由丈夫作主,给儿子定了一门还算门当户对的亲事。
但一进京,什么都变了。
原本是丈夫衙门里的书办先生,摇身一变,成了刑部尚书,据说这官职是太上皇许给他。
摇身一变,成了宇文家的长公子。
摇身一变,成了断送家中一大批官员的人。
大家宴那天她不在,她又不出大门,能听到的全是文天父女嚣张猖狂,回来谋取宇文家的家业。
亲戚们中冷言冷语出来:“十几年前为了女人私奔出京,不然能怎么样?他在宇文家的名头如日中天呢,换成谁舍得走?云祝媳妇,你眼力界儿高,寻到一个好亲家。
难怪你房里没有妾,这一手儿跟亲家母学的吧?不是狐婿子,能系得宇文天走的头也不回。
十几年没生下儿子,仗不成儿子回家逞威,就让丈夫同自家兄弟争斗。
这倒好,倒了一批的人,独他升了官职。
云祝是多有福气,能把个尚书人材儿当书办用。”
女眷们的小天地,往往就那么大。
云刘氏又不是手段高的,也不是娘家在京里,另有消息来源的人。
她眼前是婆家人,听的是婆家话。
包含嫉妒、泄愤的话,每天折磨着她。
头一天听,她问丈夫:“你对亲家说说,脸面儿要紧,让他不要逼迫自家兄弟吧。”
云祝严厉斥责她,不许她相信这些话。
一个人面对全家大部分的人,云刘氏想不听也不行。
和丈夫说不通,她又去问儿子:“浩然,这些话多难听啊。
还有你岳父,他为什么不要家,却又回来争?”
云浩然比云祝温和的多,也相对体谅母亲在家里听话。
他劝道:“这三月里了,下个月殿试,再领过官职咱们就走了。
左耳朵进,右耳朵出吧。
他们胡说呢。
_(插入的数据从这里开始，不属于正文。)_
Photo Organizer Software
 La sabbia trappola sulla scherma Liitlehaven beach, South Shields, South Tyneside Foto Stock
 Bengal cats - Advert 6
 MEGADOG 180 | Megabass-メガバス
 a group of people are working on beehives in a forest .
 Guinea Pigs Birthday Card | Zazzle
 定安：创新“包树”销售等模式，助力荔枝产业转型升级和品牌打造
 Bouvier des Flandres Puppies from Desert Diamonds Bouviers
”
他又看书去了,近来让郭公公隔一天或连续几天来看望的“骚扰”
,余下的钟点,云浩然争分夺秒。
云刘氏独自去坐,对儿子的话不满增加。
她是小城里的人,是云祝放过外官后,在任上定亲任上迎娶。
民女嫁官,因此对云祝百依百顺,不敢违抗一件半件。
这不代表云刘氏没有自己的心思,只是以前没有值得流露自己心思的大事。
她的独子,是她眼珠子一样的人儿,又是整个云家唯一中举的人,对云刘氏来说,这是大事。
一层层不如意,渐渐的化成一层层的对抗。
初进京,云刘氏把云家当成大家,在她眼里确实是。
她没有娘家为依靠,但婆家人多,可以当儿子的依靠。
为什么要离京呢?
虽然这是进京前早就说好的。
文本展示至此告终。